**Work task**
Go through the data below. Pull out every line that has the word "Book".

━━━━━━━━

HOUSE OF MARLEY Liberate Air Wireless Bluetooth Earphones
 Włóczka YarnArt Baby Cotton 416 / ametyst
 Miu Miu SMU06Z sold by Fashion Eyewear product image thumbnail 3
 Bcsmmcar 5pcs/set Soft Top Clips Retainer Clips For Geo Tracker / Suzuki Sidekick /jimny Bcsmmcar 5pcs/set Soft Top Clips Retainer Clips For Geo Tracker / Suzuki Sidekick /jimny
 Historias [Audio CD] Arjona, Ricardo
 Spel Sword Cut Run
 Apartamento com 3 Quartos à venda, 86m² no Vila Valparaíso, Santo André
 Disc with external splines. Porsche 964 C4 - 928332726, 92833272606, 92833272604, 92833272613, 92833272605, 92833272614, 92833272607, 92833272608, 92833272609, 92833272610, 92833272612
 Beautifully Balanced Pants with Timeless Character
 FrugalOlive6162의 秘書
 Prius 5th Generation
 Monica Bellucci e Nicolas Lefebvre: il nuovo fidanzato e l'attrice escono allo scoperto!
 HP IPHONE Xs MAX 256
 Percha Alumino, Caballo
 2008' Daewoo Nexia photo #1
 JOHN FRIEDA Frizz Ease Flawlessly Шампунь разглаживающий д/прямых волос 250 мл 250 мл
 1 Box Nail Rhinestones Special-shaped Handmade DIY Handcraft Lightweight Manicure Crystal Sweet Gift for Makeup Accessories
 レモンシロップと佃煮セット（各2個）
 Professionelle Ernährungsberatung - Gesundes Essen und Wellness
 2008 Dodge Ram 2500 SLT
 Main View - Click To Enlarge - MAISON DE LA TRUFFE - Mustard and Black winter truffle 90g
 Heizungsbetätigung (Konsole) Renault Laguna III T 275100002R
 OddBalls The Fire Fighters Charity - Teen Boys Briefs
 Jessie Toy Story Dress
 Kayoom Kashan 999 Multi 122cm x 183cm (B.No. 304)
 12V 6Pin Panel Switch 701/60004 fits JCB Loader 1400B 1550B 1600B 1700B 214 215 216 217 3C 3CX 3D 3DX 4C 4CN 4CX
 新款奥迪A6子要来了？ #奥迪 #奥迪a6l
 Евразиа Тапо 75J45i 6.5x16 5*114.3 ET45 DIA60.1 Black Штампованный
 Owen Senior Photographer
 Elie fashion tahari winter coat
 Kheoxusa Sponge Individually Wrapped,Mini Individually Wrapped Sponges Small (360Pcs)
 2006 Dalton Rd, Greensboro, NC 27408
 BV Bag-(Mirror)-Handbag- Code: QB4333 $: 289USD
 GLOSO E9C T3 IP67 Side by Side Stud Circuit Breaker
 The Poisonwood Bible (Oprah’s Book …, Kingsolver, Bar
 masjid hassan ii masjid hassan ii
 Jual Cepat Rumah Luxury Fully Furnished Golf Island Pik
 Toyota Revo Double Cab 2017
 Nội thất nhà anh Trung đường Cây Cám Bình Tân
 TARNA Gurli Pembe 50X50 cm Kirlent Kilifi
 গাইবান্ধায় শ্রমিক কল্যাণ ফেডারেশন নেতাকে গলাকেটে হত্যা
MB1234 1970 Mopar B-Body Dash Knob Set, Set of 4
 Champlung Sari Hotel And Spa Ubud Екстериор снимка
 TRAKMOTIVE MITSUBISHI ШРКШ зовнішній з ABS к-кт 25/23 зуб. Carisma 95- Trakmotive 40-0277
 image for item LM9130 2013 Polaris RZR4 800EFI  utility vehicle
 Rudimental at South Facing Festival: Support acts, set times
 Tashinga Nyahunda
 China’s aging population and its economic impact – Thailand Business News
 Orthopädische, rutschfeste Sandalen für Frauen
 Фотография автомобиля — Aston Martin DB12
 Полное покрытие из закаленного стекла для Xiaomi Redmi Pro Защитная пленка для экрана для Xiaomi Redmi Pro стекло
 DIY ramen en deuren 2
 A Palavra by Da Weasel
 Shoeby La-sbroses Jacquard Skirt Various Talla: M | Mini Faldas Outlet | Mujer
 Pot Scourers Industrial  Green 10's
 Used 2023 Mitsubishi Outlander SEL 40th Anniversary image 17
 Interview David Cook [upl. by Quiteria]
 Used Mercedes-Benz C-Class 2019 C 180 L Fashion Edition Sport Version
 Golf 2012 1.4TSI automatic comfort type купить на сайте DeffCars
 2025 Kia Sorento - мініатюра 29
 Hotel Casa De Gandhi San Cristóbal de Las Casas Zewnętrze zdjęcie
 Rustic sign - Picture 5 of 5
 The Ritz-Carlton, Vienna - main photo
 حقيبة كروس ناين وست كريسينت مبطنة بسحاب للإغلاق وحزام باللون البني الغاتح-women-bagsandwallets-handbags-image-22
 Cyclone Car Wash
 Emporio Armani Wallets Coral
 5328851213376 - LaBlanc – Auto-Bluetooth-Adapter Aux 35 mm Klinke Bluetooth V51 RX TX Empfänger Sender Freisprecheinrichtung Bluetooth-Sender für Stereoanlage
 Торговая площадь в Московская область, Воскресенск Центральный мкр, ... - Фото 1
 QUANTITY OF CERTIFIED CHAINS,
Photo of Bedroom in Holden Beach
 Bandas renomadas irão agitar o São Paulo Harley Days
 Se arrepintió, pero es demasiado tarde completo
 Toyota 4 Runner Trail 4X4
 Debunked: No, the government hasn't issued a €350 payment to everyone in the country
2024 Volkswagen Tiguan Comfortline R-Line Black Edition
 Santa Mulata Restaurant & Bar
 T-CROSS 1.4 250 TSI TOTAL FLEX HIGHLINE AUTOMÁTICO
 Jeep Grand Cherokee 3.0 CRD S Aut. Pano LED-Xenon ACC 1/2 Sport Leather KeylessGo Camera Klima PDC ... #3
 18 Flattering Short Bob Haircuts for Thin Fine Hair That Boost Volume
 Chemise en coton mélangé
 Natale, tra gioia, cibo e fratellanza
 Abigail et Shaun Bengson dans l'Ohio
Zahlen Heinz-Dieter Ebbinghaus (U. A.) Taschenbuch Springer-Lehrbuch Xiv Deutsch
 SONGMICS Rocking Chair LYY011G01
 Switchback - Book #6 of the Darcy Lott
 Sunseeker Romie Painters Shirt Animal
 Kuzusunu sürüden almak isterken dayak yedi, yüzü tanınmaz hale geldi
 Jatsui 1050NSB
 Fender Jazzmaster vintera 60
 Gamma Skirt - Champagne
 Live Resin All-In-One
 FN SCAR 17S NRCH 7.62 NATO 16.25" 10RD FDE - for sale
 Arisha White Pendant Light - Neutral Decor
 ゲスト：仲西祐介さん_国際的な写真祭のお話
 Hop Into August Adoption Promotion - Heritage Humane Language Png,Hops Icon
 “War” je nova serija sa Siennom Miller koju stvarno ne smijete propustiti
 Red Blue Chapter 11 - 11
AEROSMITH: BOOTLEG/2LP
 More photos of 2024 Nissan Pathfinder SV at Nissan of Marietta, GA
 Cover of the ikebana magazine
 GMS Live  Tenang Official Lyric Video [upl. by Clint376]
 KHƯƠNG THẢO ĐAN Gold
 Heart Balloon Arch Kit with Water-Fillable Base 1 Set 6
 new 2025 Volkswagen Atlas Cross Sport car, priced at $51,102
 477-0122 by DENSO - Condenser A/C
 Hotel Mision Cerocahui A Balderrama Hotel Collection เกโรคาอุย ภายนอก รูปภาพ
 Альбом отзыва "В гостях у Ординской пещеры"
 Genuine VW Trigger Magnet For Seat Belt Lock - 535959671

━━━━━━━━

**Solution**
 The Poisonwood Bible (Oprah’s Book …, Kingsolver, Bar
 Switchback - Book #6 of the Darcy Lott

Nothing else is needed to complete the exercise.